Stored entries
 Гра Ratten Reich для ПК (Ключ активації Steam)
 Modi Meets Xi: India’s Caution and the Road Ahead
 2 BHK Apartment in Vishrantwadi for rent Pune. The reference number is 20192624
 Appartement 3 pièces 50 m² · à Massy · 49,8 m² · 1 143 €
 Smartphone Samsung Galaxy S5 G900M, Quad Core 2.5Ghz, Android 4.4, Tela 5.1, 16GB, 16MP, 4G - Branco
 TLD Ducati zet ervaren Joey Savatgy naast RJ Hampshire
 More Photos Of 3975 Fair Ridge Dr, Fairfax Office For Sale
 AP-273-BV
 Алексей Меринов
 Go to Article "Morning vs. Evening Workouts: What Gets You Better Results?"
==
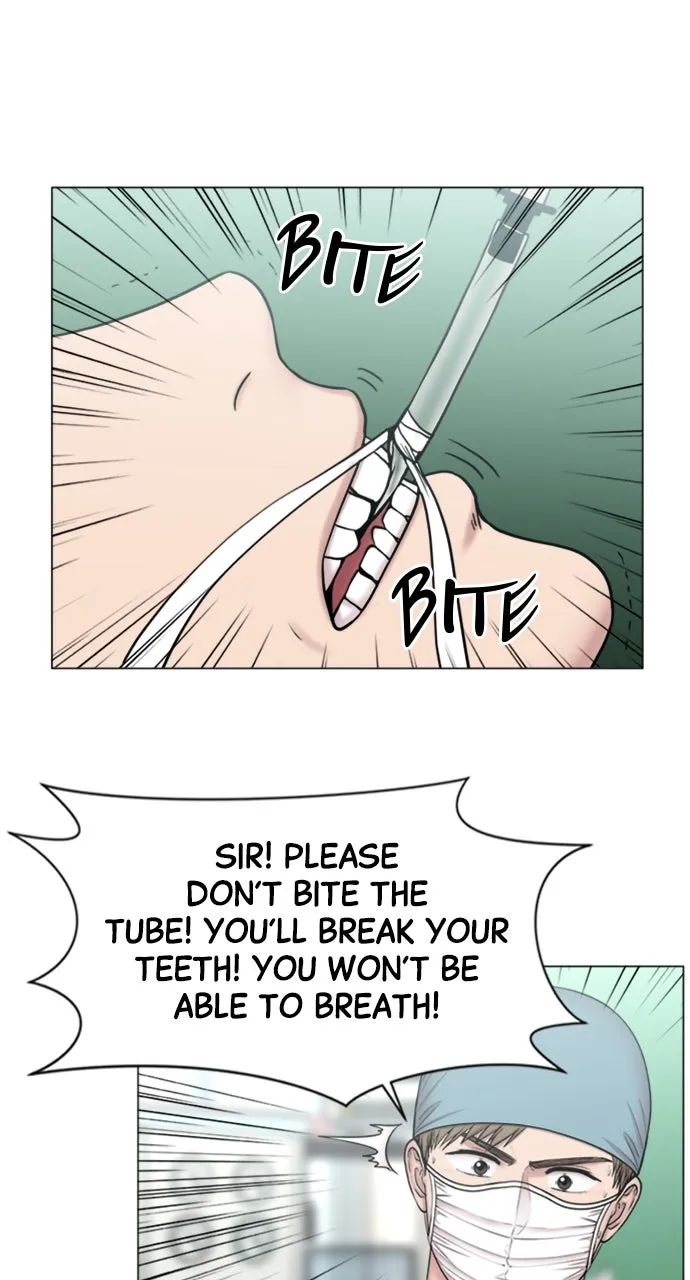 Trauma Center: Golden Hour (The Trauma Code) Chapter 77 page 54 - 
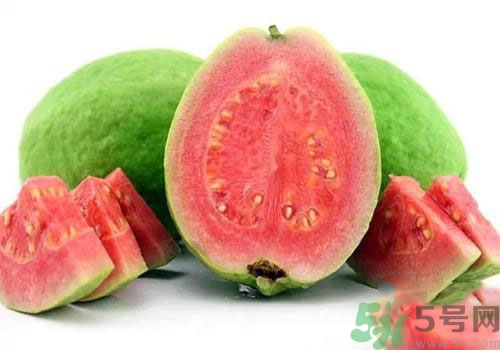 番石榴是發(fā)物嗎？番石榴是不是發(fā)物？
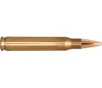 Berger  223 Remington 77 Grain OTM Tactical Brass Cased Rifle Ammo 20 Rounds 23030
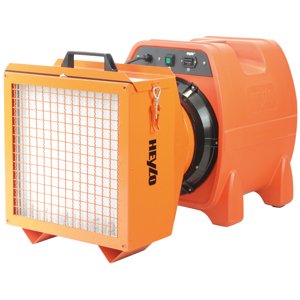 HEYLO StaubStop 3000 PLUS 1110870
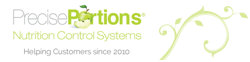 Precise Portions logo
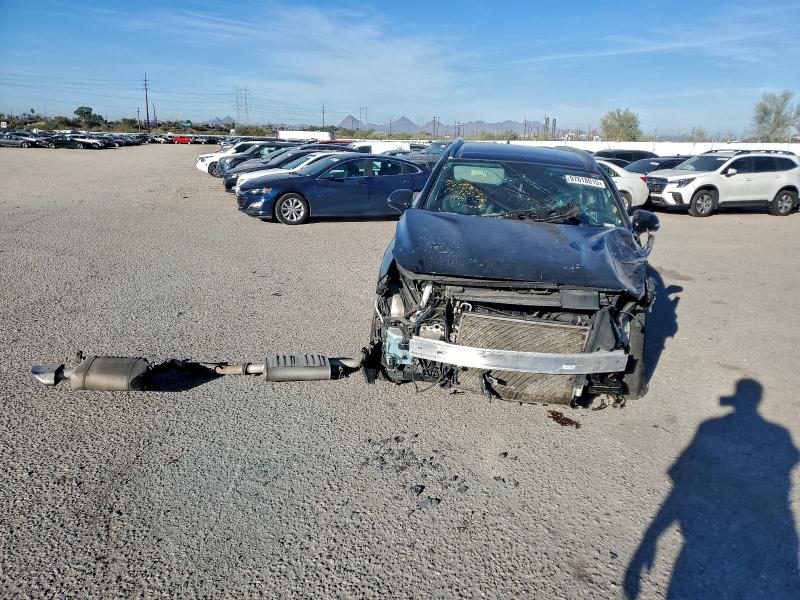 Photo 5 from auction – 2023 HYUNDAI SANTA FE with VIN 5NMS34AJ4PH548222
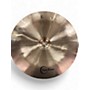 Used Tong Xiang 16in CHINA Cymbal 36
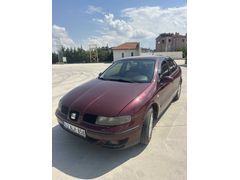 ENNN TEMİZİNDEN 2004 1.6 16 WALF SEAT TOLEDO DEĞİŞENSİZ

## ASSIGNED TASK
Of the lines above, retype only those from the line containing "Алексей Меринов" through the line containing "Go to Article", including both, exactly.

## TASK SOLUTION
 Алексей Меринов
 Go to Article "Morning vs. Evening Workouts: What Gets You Better Results?"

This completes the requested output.